In the past, when poaching was rampant, poachers would try to steal gorilla babies to sell them to wealthy foreigners. (We are such assholes.) But the family is so close that the poachers would have to shoot and kill half a dozen adult gorillas to get the baby away from them, because the family would never stop trying to get the baby back.
As Shannon described it, her ranger said, “Now, if a poacher were to come and try to steal a baby? He’d have to kill all of us, too.” And he pointed to a dozen Park Rangers and Trackers, all heavily armed, and they all nodded.
I had initially been hesitant to see the gorillas. I was admittedly deterred by the cost, but I also felt that I didn’t need to tromp on into a gorillas daily life, to gawk at them and take pictures as they ate and napped.
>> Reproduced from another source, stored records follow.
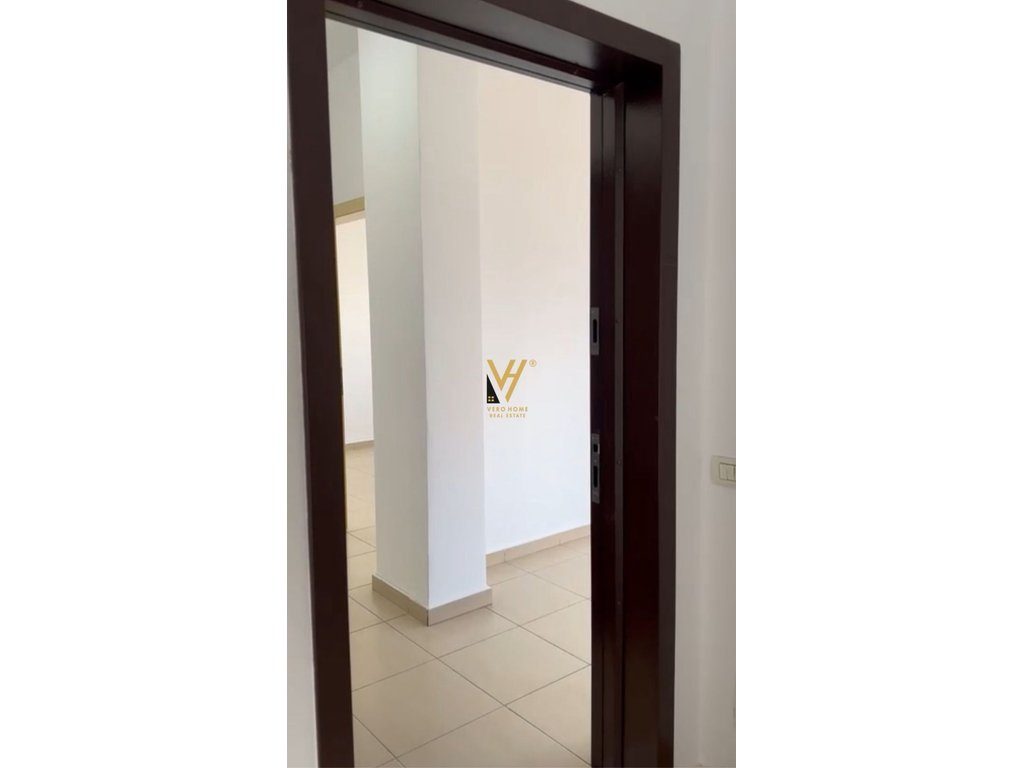 JEPET ZYRE 75 M2 ME QIRA TE 5 MAJI 350 EURO 2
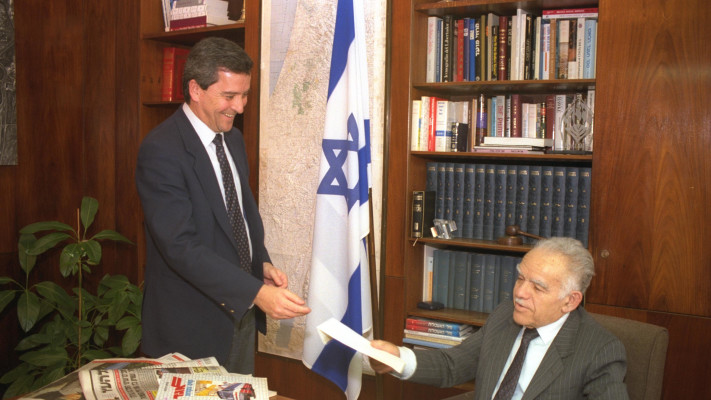 יצחק שמיר ויוסי אחימאיר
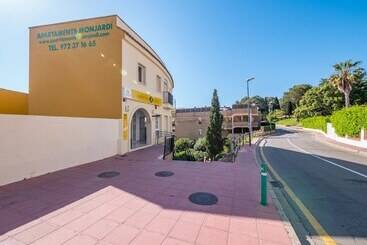 Apartaments Monjardí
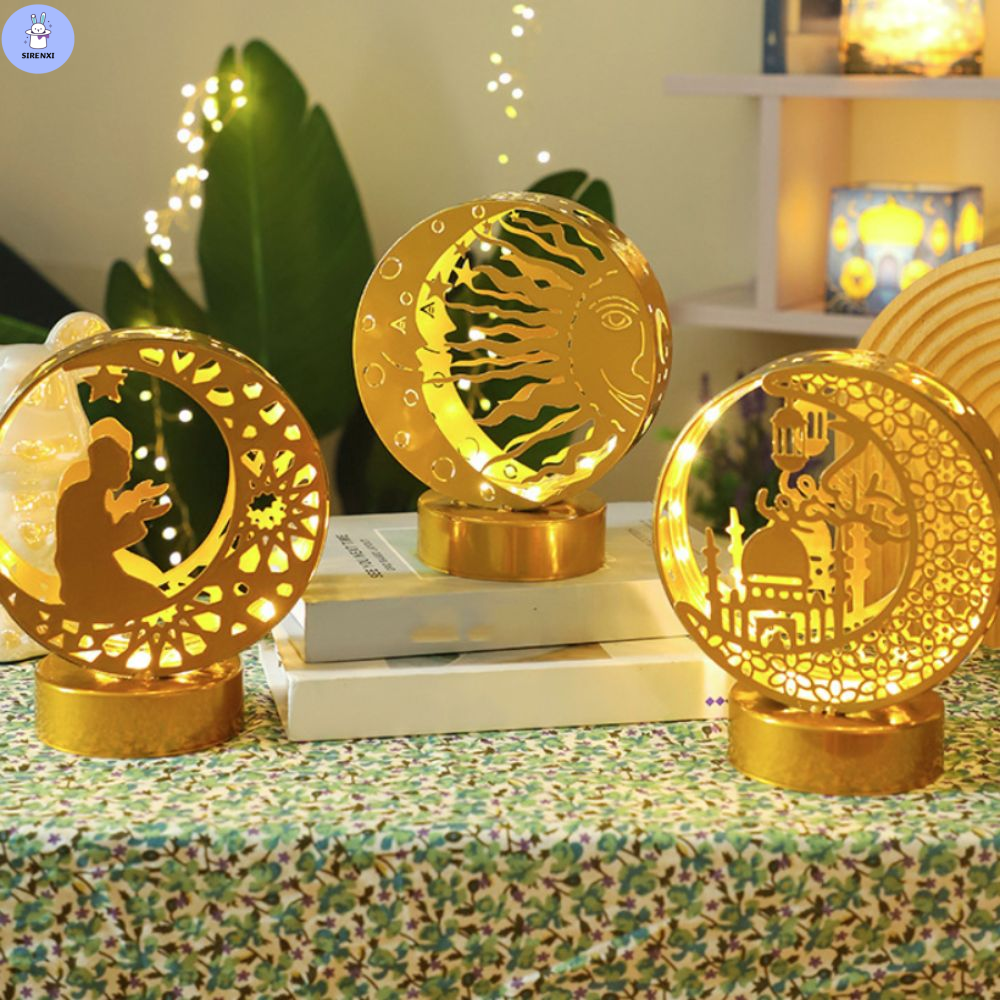 SIRENXI รูปแบบพระจันทร์เสี้ยว ไฟ LED ปราสาทพระจันทร์ ทอง เหล็กดัด โคมไฟตกแต่ง Eid Mubarak สร้างสรรค์ กลวง โคมไฟบรรยากาศวันหยุด โรงแรม ราคา 525 บาท*ส่งฟรี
I pretty much felt that I would be OK leaving the gorillas to just be gorillas.
But, after learning more about the incredible success of Rwanda’s conservation efforts (they worked with the poachers, and managed to turn them into conservationists – some of the Park Rangers now actually were poachers in the past, trying to feed their families and survive in the jungle), and learning about how a significant portion of the cost is given to the families farming the land on the edges of the park boundary (thereby including them in conservation and economic development initiatives), I wish I had gone.
There are rumors that the price will increase yet again, with some rumors hinting that it may double to $3K. But beyond and above a dollar figure, even though the number of gorillas is slowly increasing, they are still critically endangered. Their existence on this planet is maintained by a tenuous and fragile thread.
And I wish I had taken this chance to see them and say hello – and hope deeply, desperately, that it would also never be goodbye.